Kamis, 22 Desember 2011

AMR & NAHI

BAB I
PENDAHULUAN

1.1. Latar Belakang
Memahami redaksi Al-Qur’an dan Al-Hadits bagaikan menyelam ke dalam samudra yang dalam lagi luas dibutuhkan kunci, metode dan keilmuan khusus untuk sampai ke sana sehingga kita bisa mengetahui maksud dan tujuan nash Al-Qur’an dan Al-Hadits baik dari sudut teks maupun dari aspek makna. Diantara beberapa pembahasan yang berkaitan dengan Ilmu Ushul Fiqh yang didalamnya terdapat kaidah-kaidah (ushuliyah) yaitu tentang ‘Am, Khos, Amr, Nahi dan lain sebagainya. Akan tetapi dalam makalah ini pembahasan yang akan kita pelajari adalah yang berkaitan dengan Amr dan Nahi.

1.2. Rumusan Masalah
Agar dalam penulisan makalah ini lebih mengarah dan efektif, kami merumuskan masalah yang akan kami bahas yaitu :
1. Pengertian Amr dan Nahi
2. Bentuk-bentuk Amr dan Nahi
3. Kemungkinan hukum berkenaan dengan Amr dan Nahi
4. Kaidah-kaidah yang berhubungan dengan Amr dan Nahi

1.3. Tujuan
Tujuan pembahasan makalah ini adalah :
1. Menjelaskan tentang pengertian Amr dan Nahi
2. Menjelaskan tentang bentuk-bentuk Amr dan Nahi
3. Menjelaskan tentang kemungkinan hukum berkenaan dengan Amr dan Nahi.
4. Menjelaskan tentang kaidah-kaidah yang berhubungan dengan Amr dan Nahi

1.4. Batasan Masalah
Dalam makalah ini kami memberi batasan pada masalah yang kami uraikan.
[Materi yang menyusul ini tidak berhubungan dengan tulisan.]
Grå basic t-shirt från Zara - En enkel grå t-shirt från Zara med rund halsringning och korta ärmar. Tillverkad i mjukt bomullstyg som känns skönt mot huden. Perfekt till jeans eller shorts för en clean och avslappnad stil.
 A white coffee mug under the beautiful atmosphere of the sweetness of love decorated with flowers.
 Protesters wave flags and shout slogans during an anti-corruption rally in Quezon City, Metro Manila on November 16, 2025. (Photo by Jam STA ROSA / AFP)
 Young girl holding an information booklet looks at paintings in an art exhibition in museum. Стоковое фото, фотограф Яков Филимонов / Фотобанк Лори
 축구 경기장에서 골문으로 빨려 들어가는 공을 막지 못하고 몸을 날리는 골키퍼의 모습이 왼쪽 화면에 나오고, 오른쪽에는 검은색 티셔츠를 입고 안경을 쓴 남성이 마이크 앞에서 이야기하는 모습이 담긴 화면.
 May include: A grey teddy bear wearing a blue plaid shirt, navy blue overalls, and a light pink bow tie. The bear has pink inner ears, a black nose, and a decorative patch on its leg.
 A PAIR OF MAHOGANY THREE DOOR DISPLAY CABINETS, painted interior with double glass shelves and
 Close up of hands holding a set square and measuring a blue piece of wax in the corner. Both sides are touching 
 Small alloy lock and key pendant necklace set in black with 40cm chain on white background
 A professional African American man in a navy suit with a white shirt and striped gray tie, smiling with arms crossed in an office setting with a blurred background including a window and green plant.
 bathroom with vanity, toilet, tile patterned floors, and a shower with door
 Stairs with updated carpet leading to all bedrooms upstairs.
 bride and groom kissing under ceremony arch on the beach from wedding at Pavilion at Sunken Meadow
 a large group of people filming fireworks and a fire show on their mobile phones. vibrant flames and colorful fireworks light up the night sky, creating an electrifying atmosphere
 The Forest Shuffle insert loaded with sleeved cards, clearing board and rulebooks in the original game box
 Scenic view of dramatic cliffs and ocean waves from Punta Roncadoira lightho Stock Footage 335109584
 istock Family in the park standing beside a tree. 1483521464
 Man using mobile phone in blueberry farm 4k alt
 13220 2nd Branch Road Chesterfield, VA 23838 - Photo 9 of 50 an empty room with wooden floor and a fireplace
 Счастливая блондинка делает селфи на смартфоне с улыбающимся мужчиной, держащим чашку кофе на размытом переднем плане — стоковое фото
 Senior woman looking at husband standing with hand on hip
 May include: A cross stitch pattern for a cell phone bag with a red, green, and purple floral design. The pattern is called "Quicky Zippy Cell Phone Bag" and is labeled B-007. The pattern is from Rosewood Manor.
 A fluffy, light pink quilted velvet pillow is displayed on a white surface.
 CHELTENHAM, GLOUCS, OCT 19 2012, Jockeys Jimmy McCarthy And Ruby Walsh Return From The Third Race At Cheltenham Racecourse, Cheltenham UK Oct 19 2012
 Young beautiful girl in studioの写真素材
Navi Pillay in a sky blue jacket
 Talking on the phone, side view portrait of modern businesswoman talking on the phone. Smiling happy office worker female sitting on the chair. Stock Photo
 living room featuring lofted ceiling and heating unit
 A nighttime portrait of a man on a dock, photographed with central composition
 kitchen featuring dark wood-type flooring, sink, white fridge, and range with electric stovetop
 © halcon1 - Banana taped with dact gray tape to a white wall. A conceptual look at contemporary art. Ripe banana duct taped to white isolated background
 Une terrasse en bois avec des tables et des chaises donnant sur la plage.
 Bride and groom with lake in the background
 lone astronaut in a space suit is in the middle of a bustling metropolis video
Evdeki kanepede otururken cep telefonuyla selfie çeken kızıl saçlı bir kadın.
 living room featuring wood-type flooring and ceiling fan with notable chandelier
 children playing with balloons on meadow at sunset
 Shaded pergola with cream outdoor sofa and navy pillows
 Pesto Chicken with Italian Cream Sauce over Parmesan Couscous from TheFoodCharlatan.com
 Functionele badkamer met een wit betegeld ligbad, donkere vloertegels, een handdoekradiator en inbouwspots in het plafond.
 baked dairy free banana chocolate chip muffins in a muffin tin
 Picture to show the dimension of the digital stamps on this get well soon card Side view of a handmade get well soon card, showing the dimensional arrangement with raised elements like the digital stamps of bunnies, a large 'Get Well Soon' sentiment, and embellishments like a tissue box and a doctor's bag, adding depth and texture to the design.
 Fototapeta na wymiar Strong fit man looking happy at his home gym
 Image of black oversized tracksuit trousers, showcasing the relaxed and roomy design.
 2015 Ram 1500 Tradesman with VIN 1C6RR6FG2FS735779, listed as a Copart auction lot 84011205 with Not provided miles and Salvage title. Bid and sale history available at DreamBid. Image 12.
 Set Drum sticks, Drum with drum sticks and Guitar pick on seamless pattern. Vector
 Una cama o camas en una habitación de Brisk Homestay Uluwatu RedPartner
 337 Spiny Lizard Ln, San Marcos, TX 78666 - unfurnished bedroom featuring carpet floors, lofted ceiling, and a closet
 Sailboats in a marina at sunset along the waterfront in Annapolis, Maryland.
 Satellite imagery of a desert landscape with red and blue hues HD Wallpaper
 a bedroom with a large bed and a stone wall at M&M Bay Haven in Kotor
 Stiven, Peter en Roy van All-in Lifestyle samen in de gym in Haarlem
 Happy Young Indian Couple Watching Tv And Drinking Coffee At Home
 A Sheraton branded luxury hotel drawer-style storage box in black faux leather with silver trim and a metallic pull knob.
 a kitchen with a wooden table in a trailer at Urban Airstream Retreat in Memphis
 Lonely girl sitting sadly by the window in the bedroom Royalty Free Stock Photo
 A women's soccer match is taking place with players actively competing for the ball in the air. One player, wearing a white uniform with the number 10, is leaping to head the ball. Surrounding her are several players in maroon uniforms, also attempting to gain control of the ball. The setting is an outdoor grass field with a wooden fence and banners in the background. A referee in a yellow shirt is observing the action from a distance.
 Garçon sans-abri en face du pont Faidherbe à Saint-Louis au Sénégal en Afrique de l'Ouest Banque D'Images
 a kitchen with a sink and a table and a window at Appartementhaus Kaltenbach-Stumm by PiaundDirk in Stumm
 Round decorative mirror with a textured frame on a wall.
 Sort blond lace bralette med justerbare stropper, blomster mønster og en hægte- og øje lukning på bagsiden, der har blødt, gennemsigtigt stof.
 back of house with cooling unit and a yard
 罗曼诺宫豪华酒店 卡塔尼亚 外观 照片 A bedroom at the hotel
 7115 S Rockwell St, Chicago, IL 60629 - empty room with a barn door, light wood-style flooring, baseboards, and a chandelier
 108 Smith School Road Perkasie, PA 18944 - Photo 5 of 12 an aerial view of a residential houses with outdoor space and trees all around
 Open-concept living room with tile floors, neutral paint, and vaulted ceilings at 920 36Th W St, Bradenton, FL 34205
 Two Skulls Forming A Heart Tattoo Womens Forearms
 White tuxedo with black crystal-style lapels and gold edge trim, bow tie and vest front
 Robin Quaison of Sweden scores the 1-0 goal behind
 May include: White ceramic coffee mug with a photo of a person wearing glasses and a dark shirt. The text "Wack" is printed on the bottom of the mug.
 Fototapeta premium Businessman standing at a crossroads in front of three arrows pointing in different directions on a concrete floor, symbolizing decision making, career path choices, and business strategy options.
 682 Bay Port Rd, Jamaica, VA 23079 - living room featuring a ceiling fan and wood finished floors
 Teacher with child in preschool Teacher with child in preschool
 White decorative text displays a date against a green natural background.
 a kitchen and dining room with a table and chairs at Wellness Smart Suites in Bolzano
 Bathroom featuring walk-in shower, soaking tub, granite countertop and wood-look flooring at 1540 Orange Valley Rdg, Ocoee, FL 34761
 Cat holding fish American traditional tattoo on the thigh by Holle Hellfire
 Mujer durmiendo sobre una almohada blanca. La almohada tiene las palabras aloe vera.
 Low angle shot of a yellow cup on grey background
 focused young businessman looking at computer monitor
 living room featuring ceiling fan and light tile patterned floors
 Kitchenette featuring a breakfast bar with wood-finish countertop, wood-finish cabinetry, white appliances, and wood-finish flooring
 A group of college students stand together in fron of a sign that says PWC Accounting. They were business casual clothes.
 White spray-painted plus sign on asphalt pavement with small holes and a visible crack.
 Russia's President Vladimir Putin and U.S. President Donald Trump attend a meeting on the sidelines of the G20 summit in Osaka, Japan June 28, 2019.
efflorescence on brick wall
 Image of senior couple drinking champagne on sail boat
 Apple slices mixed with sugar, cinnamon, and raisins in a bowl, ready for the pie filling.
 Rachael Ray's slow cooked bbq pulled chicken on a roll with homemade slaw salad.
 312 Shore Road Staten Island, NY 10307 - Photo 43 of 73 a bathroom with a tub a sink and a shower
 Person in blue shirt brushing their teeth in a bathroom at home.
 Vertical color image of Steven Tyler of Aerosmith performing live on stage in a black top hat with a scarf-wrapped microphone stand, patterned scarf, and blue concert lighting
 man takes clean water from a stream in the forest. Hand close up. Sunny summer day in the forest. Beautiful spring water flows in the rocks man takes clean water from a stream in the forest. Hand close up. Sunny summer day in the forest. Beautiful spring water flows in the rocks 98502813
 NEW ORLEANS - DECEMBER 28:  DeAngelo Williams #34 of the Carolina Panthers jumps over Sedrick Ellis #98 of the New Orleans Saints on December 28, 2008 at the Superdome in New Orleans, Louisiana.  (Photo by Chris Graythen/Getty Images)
Kami menjelaskan tentang pengertian, bentuk-bentuk, kemungkinan hukum serta kaidah-kaidah yang berhubungan dengan Amr dan Nahi.

BAB II
PEMBAHASAN

A. Pengertian, bentuk, kemungkinan hukum, dan kaidah-kaidah yang berkenaan dengan Amr.
2.1. Pengertian dan bentuk-bentuk ‘Amr.
Amar menurut bahasa berarti perintah. Sedangkan menurut istilah adalah,
الأمر طلب الفعل من الأعلى إلى الأدنى
”amr adalah perbuatan meminta kerja dari yang lebih tinggi tingkatannya kepada yng lebih rendah tingkatannya.”
atau dapat didefinisikan,
اللفظ الدال على طلب الفعل على جهة الإستعلاء
Suatu tuntutan (perintah) untuk melakukan sesuatu dari pihak yang lebih tinggi kedudukannya kepada pihak yang lebih rendah kedudukannya. [1]
Adapun perintah untuk melakukan suatu perbuatan, seperti dikemukakan oleh Khudari Bik dalam bukunya Tarikh al Tasyri’, disampaikan dalam berbagai gaya atau redaksi antara lain:
a) Perintah tegas dengan menggunakan kata amara (أمر)
QS. An-Nahl (16) : 90
“Sesungguhnya Allah menyuruh (kamu) berlaku adil dan berbuat kebajikan, memberi kepada kaum kerabat, dan Allah melarang dari perbuatan keji, kemungkaran dan permusuhan. Dia memberi pengajaran kepadamu agar kamu dapat mengambil pelajaran”
b) Perintah dalam bentuk pemberitaan bahwa perbuatan itu diwajibkan atas seseorang dengan memakai kata kutiba (كتب)
QS. Al-Baqarah (2) : 178

“Hai orang-orang yang beriman, diwajibkan atas kamu qishaash berkenaan dengan orang-orang yang dibunuh; orang merdeka dengan orang merdeka, hamba dengan hamba, dan wanita dengan wanita. Maka barangsiapa yang mendapat suatu pemaafan dari saudaranya, hendaklah (yang memaafkan) mengikuti dengan cara yang baik, dan hendaklah (yang diberi maaf) membayar (diat) kepada yang memberi maaf dengan cara yang baik (pula). Yang demikian itu adalah suatu keringanan dari Tuhan kamu dan suatu rahmat. Barangsiapa yang melampaui batas sesudah itu, maka baginya siksa yang sangat pedih.”
c) Perintah dengan menggunakan kata faradha (فرض/mewajibkan).
QS. Al-Ahzab (33) : 50
“Sesungguhnya kami Telah mengetahui apa yang kami wajibkan kepada mereka tentang isteri-isteri mereka dan hamba sahaya yang mereka miliki supaya tidak menjadi kesempitan bagimu. Dan adalah Allah Maha Pengampun lagi Maha Penyayang.”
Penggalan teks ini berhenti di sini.